The signature received from cars is strongly dependent on weather conditions. Particularly in medium to heavy rain, the signature from vehicles can be dramatically reduced. Fortunately, it is possible for the device to determine when this condition exists by monitoring background noise as the background signature is reduced as well during rain - i.e. the road tends to be of more uniform temperature due to the high thermal mass of the rain water.
The blind spot detector takes advantage of this effect by counting noise values over a given threshold in the noise event counter 74. After a predetermined period, a threshold is chosen that depends on the number of noise counts over the noise threshold. Higher counts give higher thresholds. The period is determined by counting the number of samples below the lowest possible car detection threshold. Thus, the statistics are not upset by the presence or absence of vehicles in the blind spot.

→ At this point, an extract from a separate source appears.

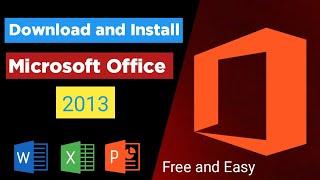 How to Download and Install Microsoft Office 2013 in PC || 2024 || Urdu/Hindi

Specifically, with the amplifier gain set to 66 dB the noise threshold used is 30 mv. The possible car detection thresholds are 50 mv, 100 mv , 150 mv and 200 mv. The count is done to a maximum of 32 events below 50 mv. Each event is sampled for about 800 msec so that a new threshold is chosen about every 25 sec if no events over 50 mv occur. The threshold for the next 25 sec interval is set based on the number of events between 30 and 50 mv as follows: less than 3 events Th = 50 mv between 3 and 7 events Th = 100 mv between 8 and 20 events Th = 150 mv more than 20 events Th = 200 mv
A time out check is also implemented to prevent the system locking up due to constant noise or car signatures over 50 mv. After one minute of this condition, the threshold is set to 200 mv. The detailed operation of the second embodiment, which is microprocessor based, is illustrated in Figures 9 to 12.
The detailed circuitry for the second embodiment is shown in Figure 15. The circuit is controlled by microprocessor 100, which is a Motorola 6805. A signal from passive infrared detector 101 is fed through operational amplifiers 102, 103, which also act as bandpass filters . The output of amplifier 103 is fed to operational amplifiers 104, 105, which acts as comparators. Switches 106 provide the threshold adjustment circuitry.
The invention also has other applications, such as school bus child detectors. An integrated Multiple unit could cover a long vehicle, such as tractor trailers. With the current invention, pickup of shadows from overpasses can occur, in particular on sunny days. This is because of the cooler road temperature under the underpass. It is possible to compensate for this by having two detectors with one pointing straight down at the road to establish the presence of a shadow. This information can then be combined with the data from the car detection sensor to reduce the detection of shadows.
The current invention takes advantage of the relative motion of the two vehicles to produce the detection signal. Normally in most driving situations this is sufficient to give a very high probability of detection. However it is conceivable, especially under heavy rain when car signatures are reduced, that relative motion may not be enough to trigger the device. This problem can be overcome by mechanically vibrating the
mirror, lens or sensor to provide a scanning motion of the car signature across the detector.